*** Opening MATERIAL PROVIDED ***

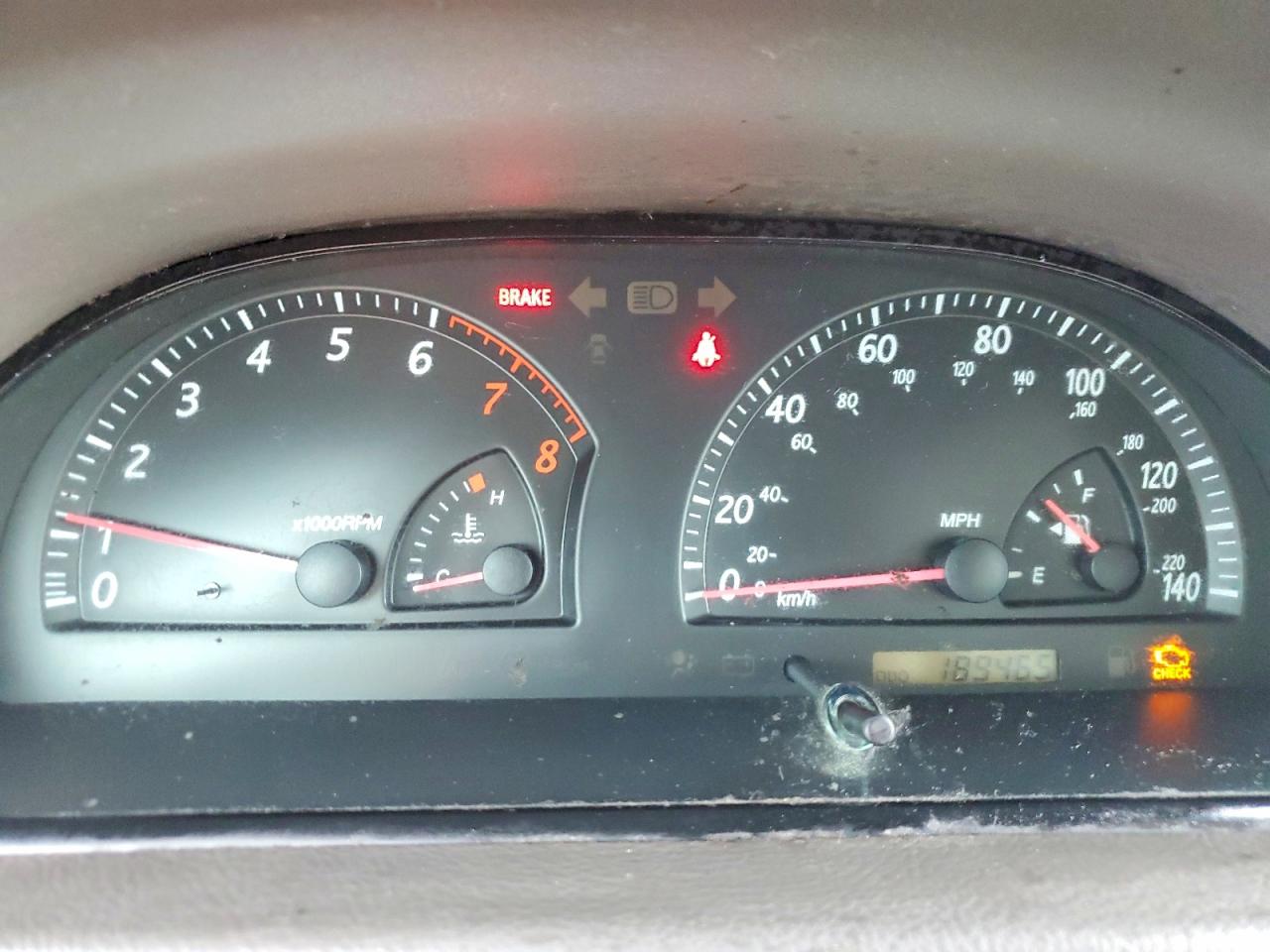 2002 TOYOTA CAMRY LE photo 9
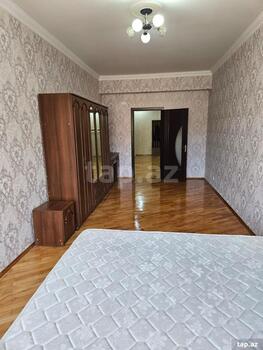 3-otaqlı yeni tikili, 8 Noyabr m., 138 m²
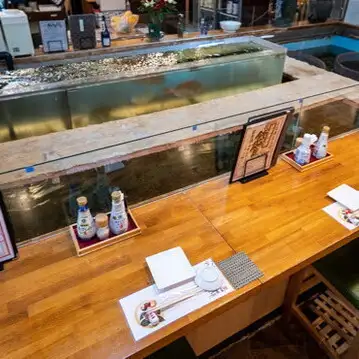 「生きている魚を食べる」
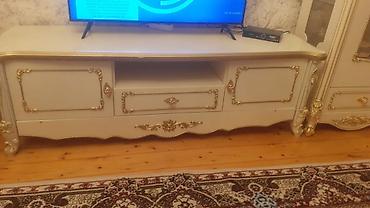 ev dekoru: Klassik üslubda TV altlığı (TV tumbası) - Rəng: ağ, qızılı dekorativ — 2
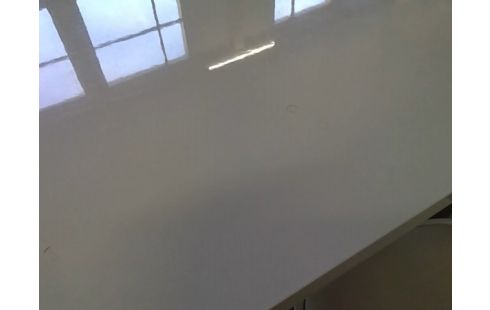 TABLE BLANCHE 100X180 (QLQS TACHES)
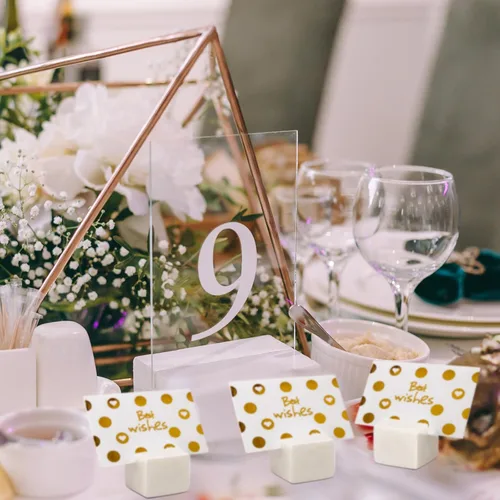 Vista 6 de AceOrbit 12 soportes para tarjetas de visita de mármol blanco, elegantes soportes de números de mesa, letreros pequeños para bodas, recepciones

*** Closing MATERIAL PROVIDED ***

Restate the listing word for word, pictures excluded.

RESPONSE BOX
 2002 TOYOTA CAMRY LE photo 9
 3-otaqlı yeni tikili, 8 Noyabr m., 138 m²
 「生きている魚を食べる」
 ev dekoru: Klassik üslubda TV altlığı (TV tumbası) - Rəng: ağ, qızılı dekorativ — 2
 TABLE BLANCHE 100X180 (QLQS TACHES)
 Vista 6 de AceOrbit 12 soportes para tarjetas de visita de mármol blanco, elegantes soportes de números de mesa, letreros pequeños para bodas, recepciones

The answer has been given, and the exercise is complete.